Brown, Is It More Than Just a Color?
Essay by review • March 1, 2011 • Essay • 405 Words (2 Pages) • 1,078 Views
Brown, Is It More Than Just A Color?
At this years literary festival I got a chance to view the 7:30-9:00 presentation on Thursday by Richard Rodriguez. Rodriguez was a spirited and motivated speaker whose center focus was the color brown. He explores the concept of being "brown" in America. He illustrates how there is an emergence of multiracial people who redefine the definitions of minority and majority. He insists that America as a whole is heading towards the color brown; even though it's accidental. His main point of his presentation was the mixture if cultures and his own personal quest to find the color brown.
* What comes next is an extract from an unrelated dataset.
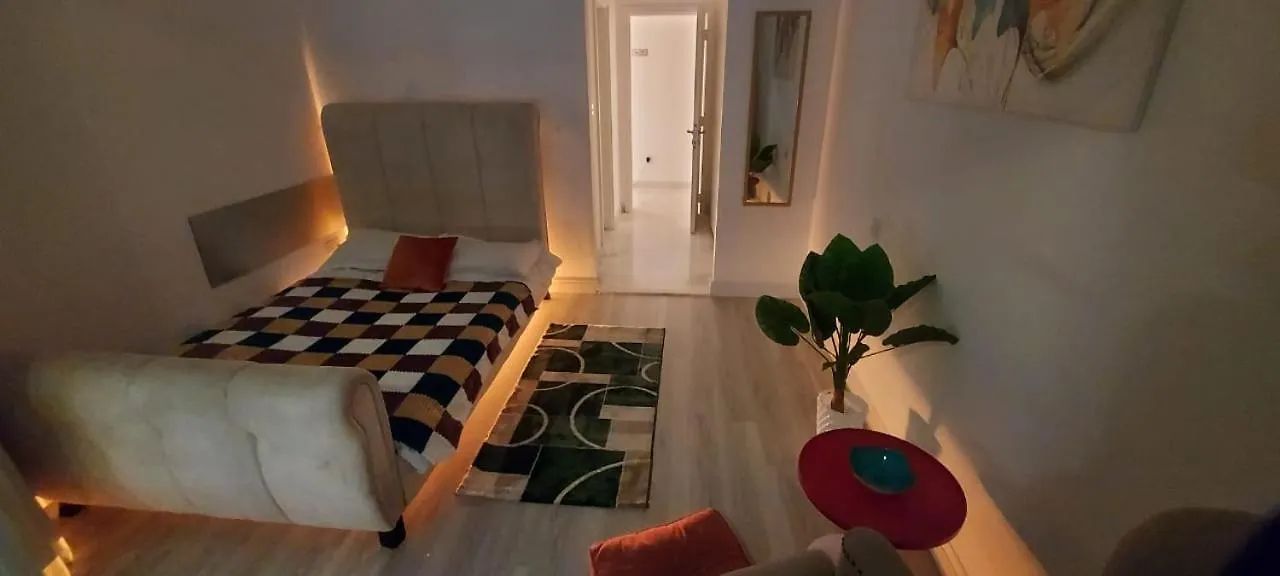 הוסטל דובאי Casa Vera Vacations איחוד האמירויות הערביות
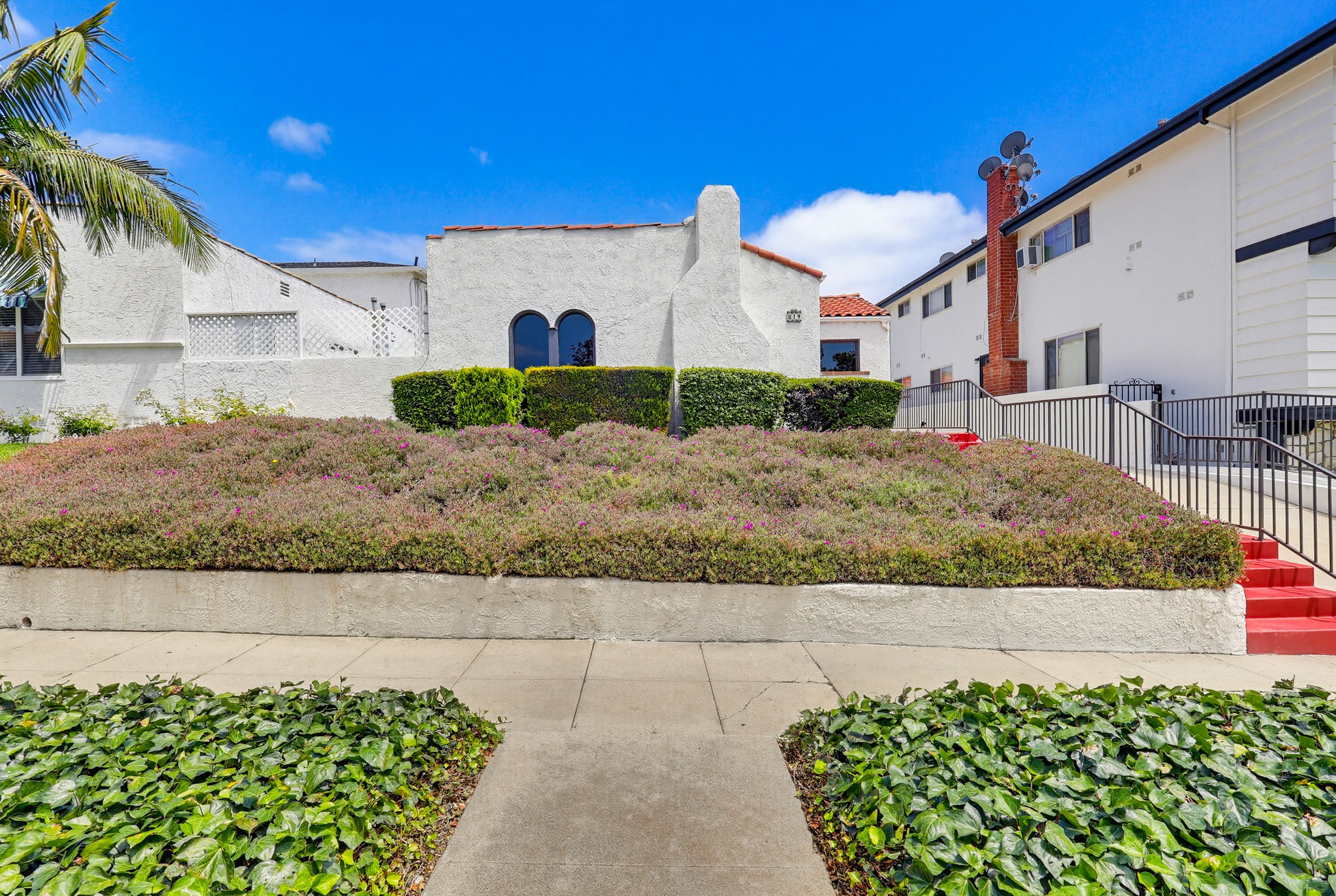 Virtual tour photo 3 of 59 for 814 S Alma St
Rodriguez discussed how the Hispanic population is continuously rising. He is very angry that being Hispanic is not having a defined race such as black or white; black and white are easily defined by blood. He contends that Hispanics are united by culture. A positive factor of just being a culture is that you can easily share it with others by recipes, prayer, dance and more. Rodriguez questions why they are as a people associated with the color brown. He concludes that everything turns brown in time. A great example of his on how everything browns in time is the story of Adam and Eve. He focuses on the apple, and how after they eat took a bite of it and tossed it aside, the apple eventually browned.
He openly jokes on how in 1972 President Nixon finally makes creates the fabulous five races and how Hispanic is now an official race. Rodriguez disputes the notion that Hispanics will replace African-Americans as the minority. He refuses to believe that any race can be replaced, they can only be mixed. He goes on to talk about the mixture of races, and interracial couples who create the "brown" people. He defines brown as a tertiary color, because it is derived from more than two colors. Rodriguez assumes that in the year 2020 census it will be the last time they ask for race because it will have become too complicated.
I found his exploration of the color brown to be very interesting and stimulating. I never would have thought a color such as brown could have so much depth before Rodriguez's presentation. I think he did an excellent job as a speaker, and he also picked a creative topic.